Hearing aids basically have the essential components of an input transducer, an amplifier and an output transducer. The input transducer is normally a sound receiver, e.g. a microphone, and/or an electromagnetic receiver, e.g. an induction coil. The output transducer is generally in the form of an electroacoustic transducer, e.g. a miniature loudspeaker, or in the form of an electromechanical transducer, e.g. a bone conduction receiver. The amplifier is usually integrated in a signal processing unit. This basic design is shown in FIG. 1 using the example of a behind the ear hearing aid. A hearing aid housing 1 to be worn behind the ear incorporates one or more microphones 2 for picking up the sound from the environment. A signal processing unit 3, which is likewise integrated in the hearing aid housing 1, processes the microphone signals and amplifies them. The output signal from the signal processing unit 3 is transmitted to a loudspeaker or earpiece 4, which outputs an acoustic signal. The sound is transmitted to the eardrum of the device wearer, possibly via a sound tube that is fixed in the auditory canal with an ear mold. The power supply for the hearing aid and particularly that for the signal processing unit 3 are provided by a battery 5 that is likewise integrated in the hearing aid housing 1.

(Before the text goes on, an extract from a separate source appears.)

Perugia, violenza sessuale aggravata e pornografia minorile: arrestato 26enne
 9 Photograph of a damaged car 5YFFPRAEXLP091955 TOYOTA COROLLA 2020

A particular challenge when using a hearing aid or another hearing apparatus is the use thereof in what is known as a cafeteria scenario. In this case, the wearer of the hearing aid or of the hearing apparatus talks to a dialog partner. The acoustic environment is additionally characterized by other speaking persons and by undefined background noise. In such a scenario, it is particularly difficult to extract the voice of the dialog partner from the total sound signal, i.e. to ascertain or estimate the actual useful signal. In this context, the noise signal or noise thus normally consists of background noise and/or disturbing voice portions or interference.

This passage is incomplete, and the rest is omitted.